On the other side were angry denunciations from anti-wheat board monopoly campaigners.
In the lobby of the House of Commons, former wheat farmer and now Conservative MP Ted Menzies told reporters that the wheat board monopoly had cost his Claresholm, Alta., farm $1.5 million in lost revenues over the years.
During an evening cell phone call, southern Manitoba Conservative MP Brian Pallister denounced the Manitoba government decision to hold a plebiscite on the issue: “It is not a provincial issue, it is a meaningless vote and it is money they could be spending to actually support producers.”

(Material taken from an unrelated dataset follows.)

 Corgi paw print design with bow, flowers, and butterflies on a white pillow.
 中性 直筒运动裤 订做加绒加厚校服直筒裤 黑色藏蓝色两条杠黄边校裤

And unsuccessful Saskatchewan anti-monopoly director candidate Vicki Dutton sent a missive complaining that reporters should have a mission to expose “untruths” in the system even if they are biased against the cause. One significant untruth she sees is the claim that the board is accountable to farmers through their directors.
Her evidence is a March 17, 2005 submission by the CWB against a lawsuit launched by a group of prairie farmers against the board over its distribution of pool funds.
The CWB’s legal defence was that “the board is accountable only to Parliament and that neither the Board nor the Crown owe any duty to or are accountable to the (plaintiff farmers) as producers of wheat.”
Case closed in the critics’ eyes. Lawyer weasel words may thrive on subtlety but it was a week during which CWB executives were claiming Strahl was overstepping his bounds because the 1998 Canadian Wheat Board Act amendments made the board responsible to producers through their directors. This claim of fidelity to Parliament was the smoking gun in a Big Lie.
So the week went.
The CWB descent into partisan politics won it no favours with the Conservatives but nothing could have.
The pro-monopoly result of the directors’ elections made the Conservatives look out-of-touch with western farm opinion.
And all sides are stuck with a flawed Liberal CWB Act rewrite in 1998 that gives all sides comfort and no side satisfaction – a board with a majority farmer-elected board that still allows the government to appoint directors, including the CEO, and still has the board responsible to Parliament.
It is as though the Liberals believed the board could be half pregnant.